Life in 21-Day Cycles


By Kristen Knott

Written Friday September 27 @ 4:00 am

From the time I can remember, I have always been someone who needs to have something to look forward to. It could be a family trip, or a party, or a holiday. Regardless of the event, I have always lived my life looking ahead. No surprise then, that I am a goal setter and always feel a sense of pride and accomplishment when I meet goals or get through whatever task or list of things that was either self-created or handed to me.

Yes, I am a list girl! Write it down, plan it, make it happen! Christmas shopping begins in September and is completed in November each year. Summer holidays are planned in the Fall prior, and kids’ schedules are locked in months in advance. It is not surprising that my career has always revolved around planning and executing on a plan. Being in sales for over a decade and growing up in the consumer packaged goods industry, retail promotional planning was always a minimum of 6 months ahead. Christmas was booked in July, and seasonal planning was integral to the success of the job. I never stood still and my eye (as well those of my managers), was always on the next quarterly target.

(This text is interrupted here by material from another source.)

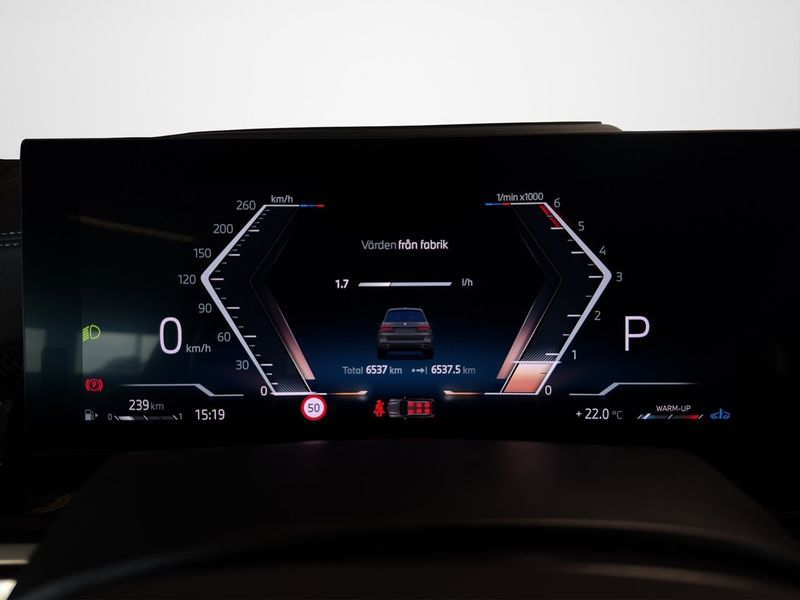 BMW X7 bild 12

I have had a lifetime of training and experience in living life ahead.

What I didn’t plan for was having Breast Cancer. June 6, 2013 now marks my life as changed forever. I, Kristen Knott, had Cancer, and was now faced with making a whole host of decisions about treatment, what doctors to use, what hospital to leverage for oncology expertise etc., etc. Yes, I was looking ahead, but through a completely different lens, driven by necessity, not by choice.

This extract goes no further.